**REQUIRED ACTION**. From the line containing "Ruched Sleeve Cashmere Sweater - 1" down to the line containing "Quadrant 75.5 X", copy out the entries below exactly, both lines included, and nothing else; pictures do not belong in the copy.

**AVAILABLE RECORDS**.
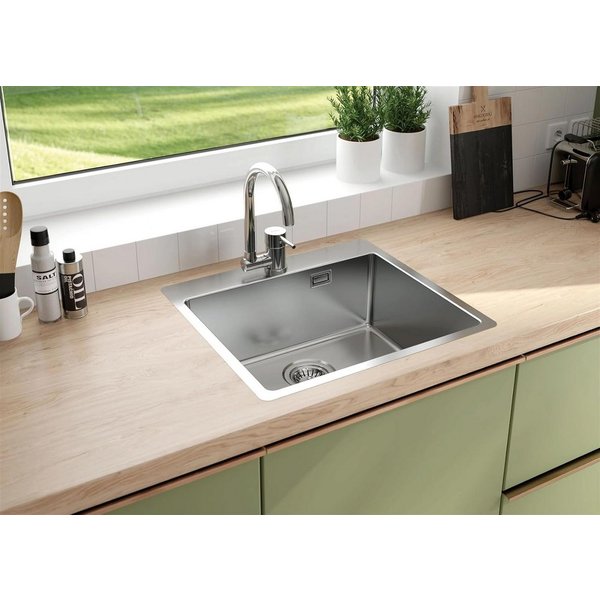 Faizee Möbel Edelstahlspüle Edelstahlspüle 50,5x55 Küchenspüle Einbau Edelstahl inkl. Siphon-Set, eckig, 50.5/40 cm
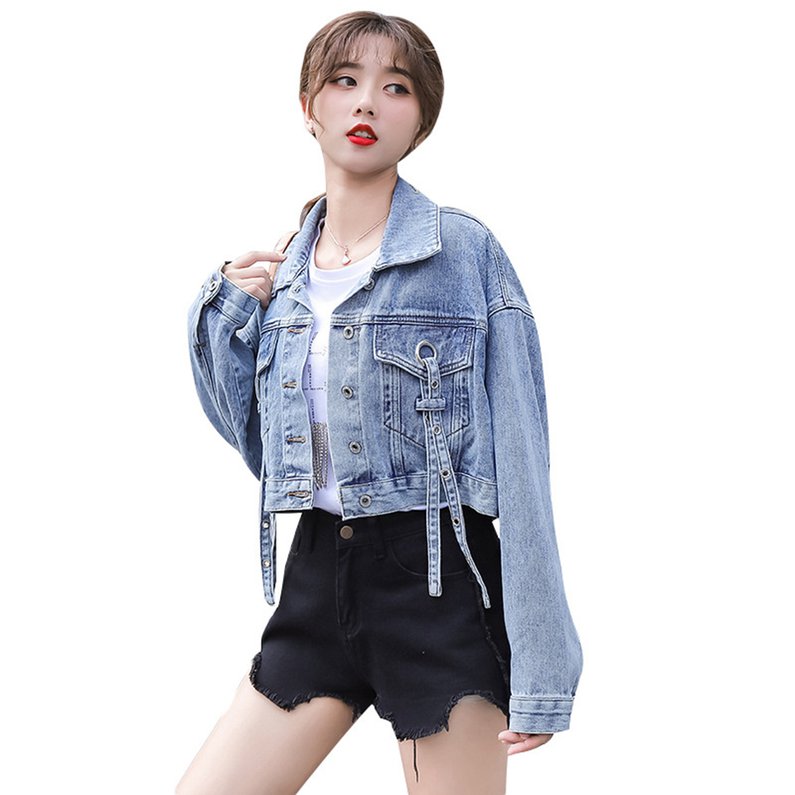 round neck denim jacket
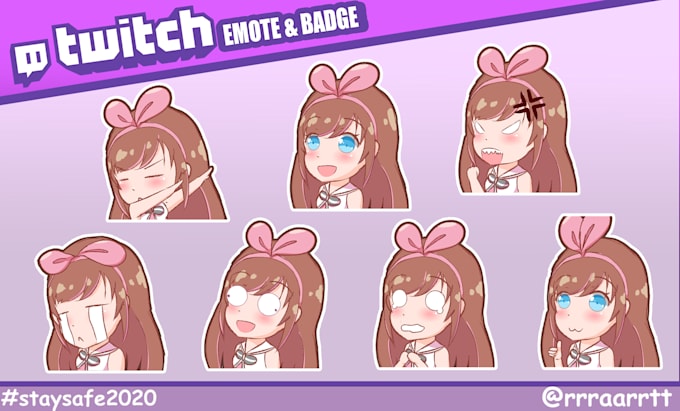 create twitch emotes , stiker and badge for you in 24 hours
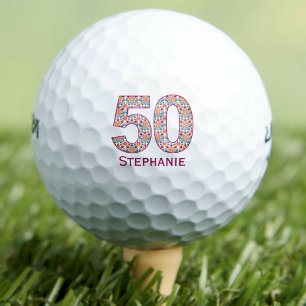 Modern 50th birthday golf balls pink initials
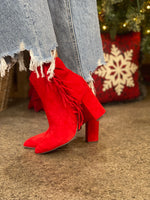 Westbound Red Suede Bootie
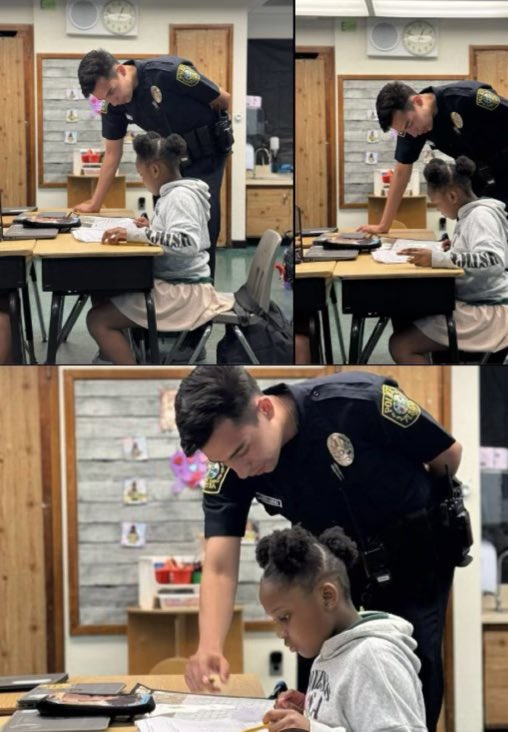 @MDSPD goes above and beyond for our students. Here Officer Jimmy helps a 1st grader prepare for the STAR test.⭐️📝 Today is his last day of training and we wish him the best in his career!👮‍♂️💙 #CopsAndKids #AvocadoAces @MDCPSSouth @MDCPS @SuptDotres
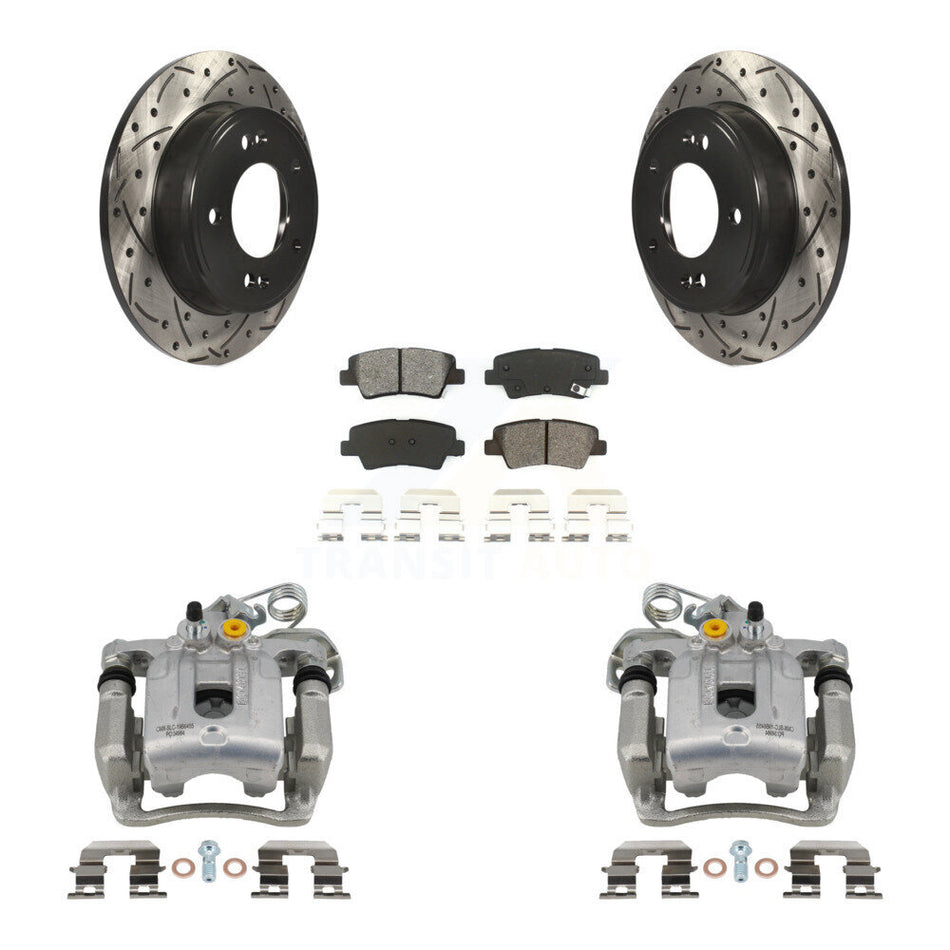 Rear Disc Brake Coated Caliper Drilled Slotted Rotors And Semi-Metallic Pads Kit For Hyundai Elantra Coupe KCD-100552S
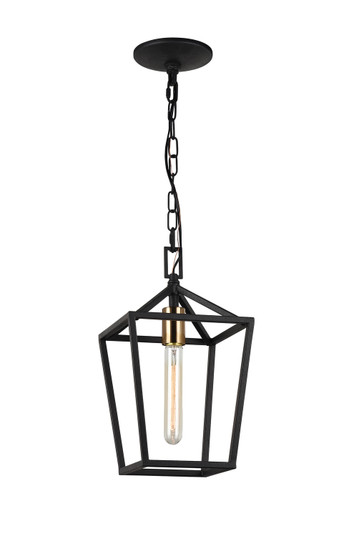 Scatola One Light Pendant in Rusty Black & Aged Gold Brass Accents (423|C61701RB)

==

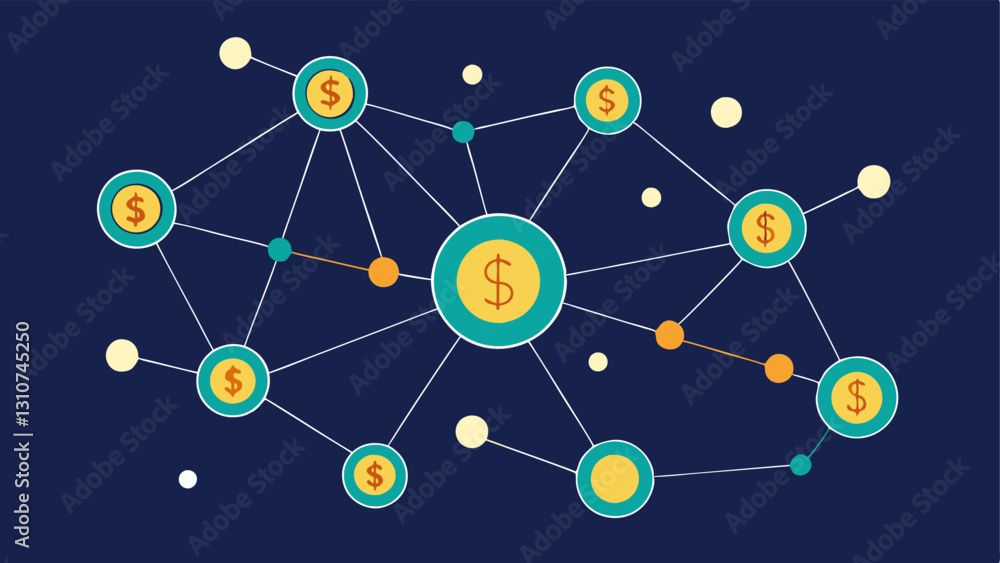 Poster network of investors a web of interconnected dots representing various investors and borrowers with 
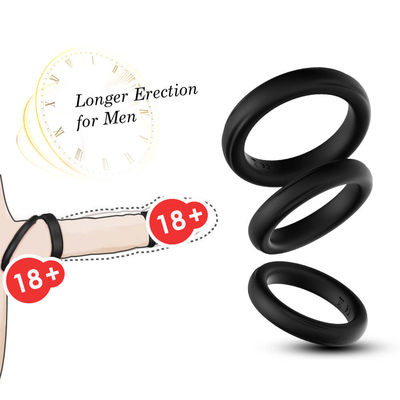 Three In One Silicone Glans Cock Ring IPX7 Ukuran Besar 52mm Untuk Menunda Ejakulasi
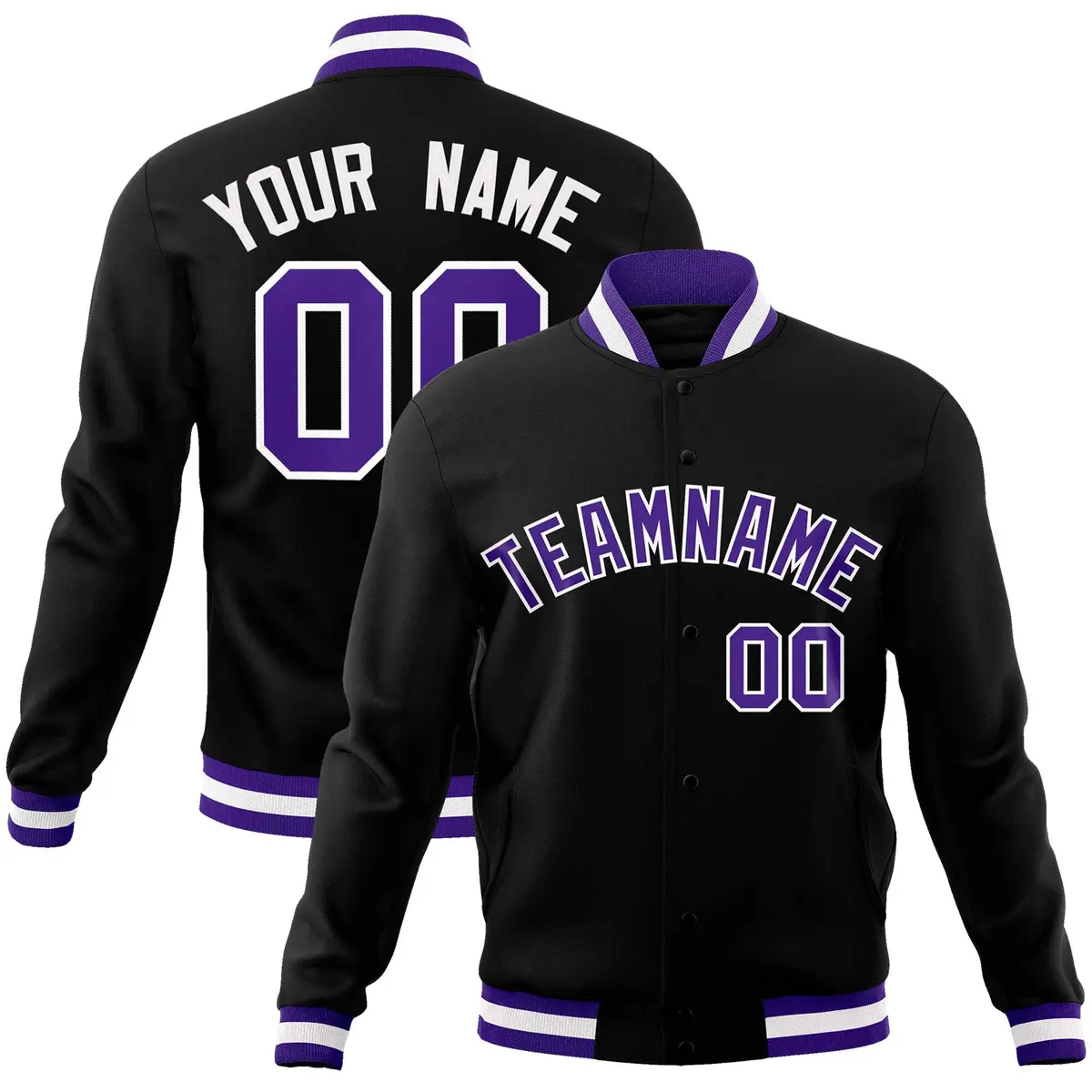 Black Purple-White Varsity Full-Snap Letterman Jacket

...

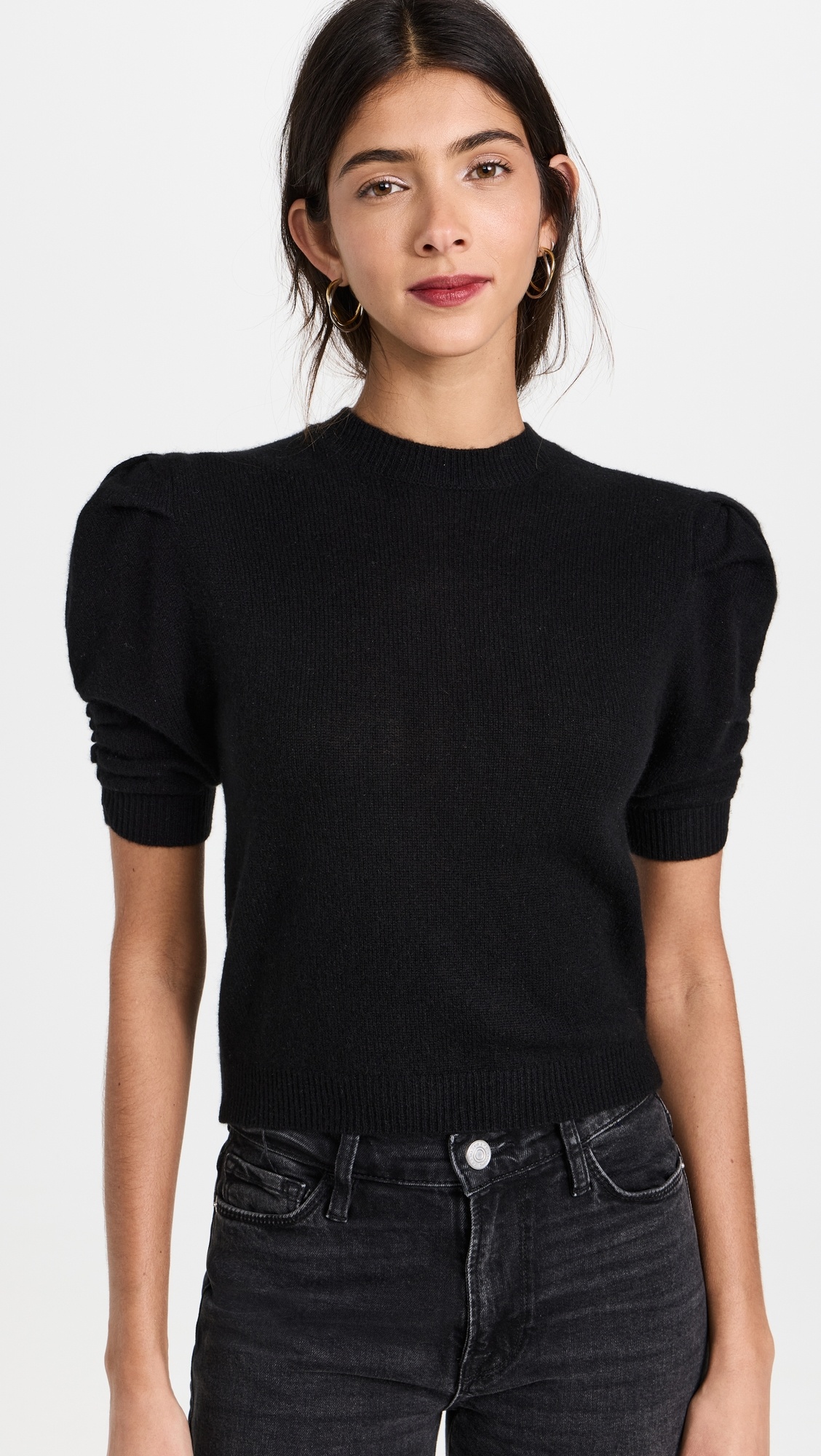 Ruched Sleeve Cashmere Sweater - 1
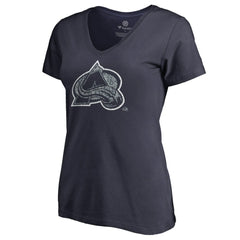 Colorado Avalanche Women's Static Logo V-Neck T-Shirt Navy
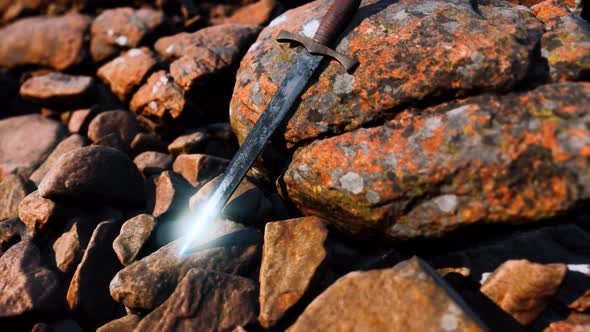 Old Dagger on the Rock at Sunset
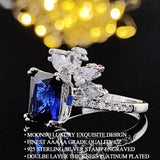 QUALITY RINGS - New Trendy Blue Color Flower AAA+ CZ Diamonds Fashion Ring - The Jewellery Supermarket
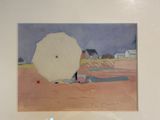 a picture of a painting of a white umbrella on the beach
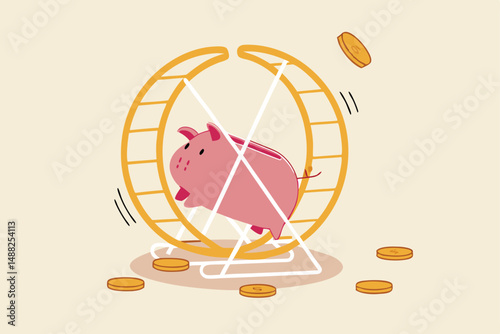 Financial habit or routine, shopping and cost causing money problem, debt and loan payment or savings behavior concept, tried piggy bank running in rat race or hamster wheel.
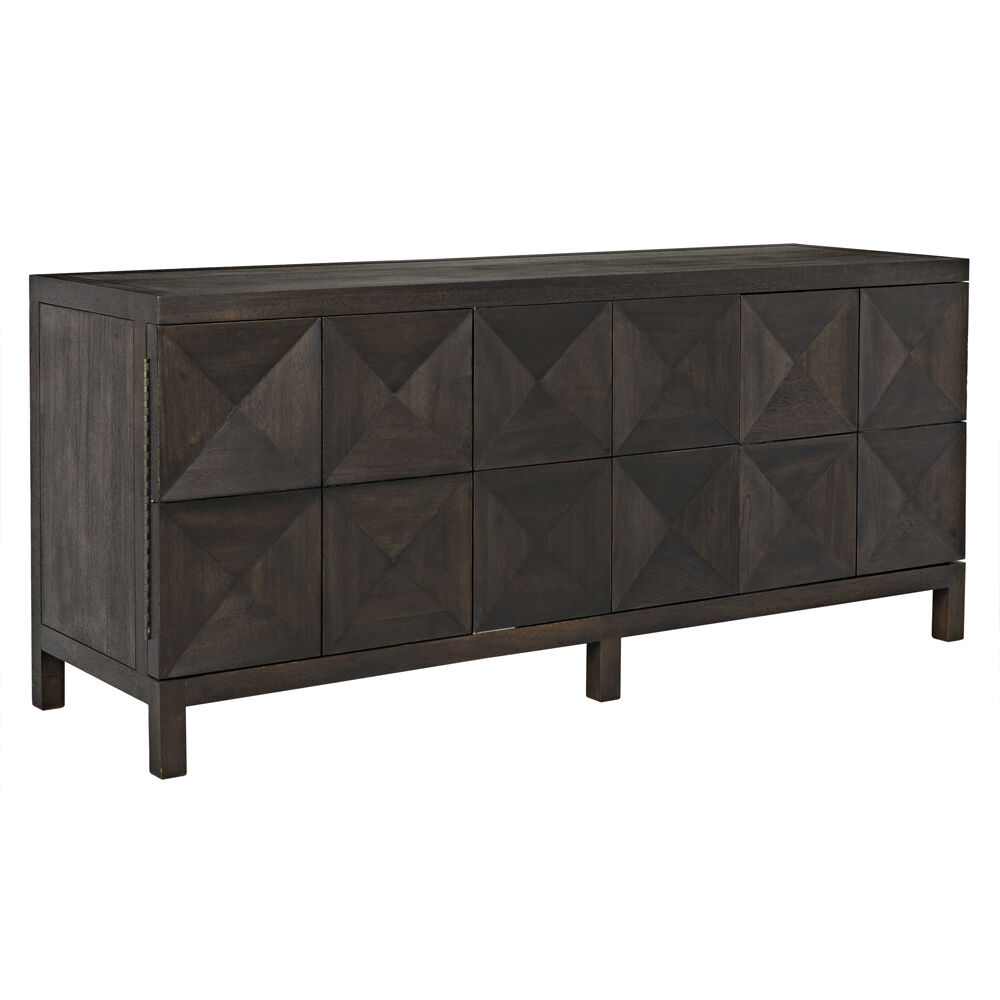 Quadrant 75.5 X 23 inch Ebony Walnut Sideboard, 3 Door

**RESULT FOR THIS EXERCISE**.
 Ruched Sleeve Cashmere Sweater - 1
 Colorado Avalanche Women's Static Logo V-Neck T-Shirt Navy
 Old Dagger on the Rock at Sunset
 QUALITY RINGS - New Trendy Blue Color Flower AAA+ CZ Diamonds Fashion Ring - The Jewellery Supermarket
 a picture of a painting of a white umbrella on the beach
 Financial habit or routine, shopping and cost causing money problem, debt and loan payment or savings behavior concept, tried piggy bank running in rat race or hamster wheel.
 Quadrant 75.5 X 23 inch Ebony Walnut Sideboard, 3 Door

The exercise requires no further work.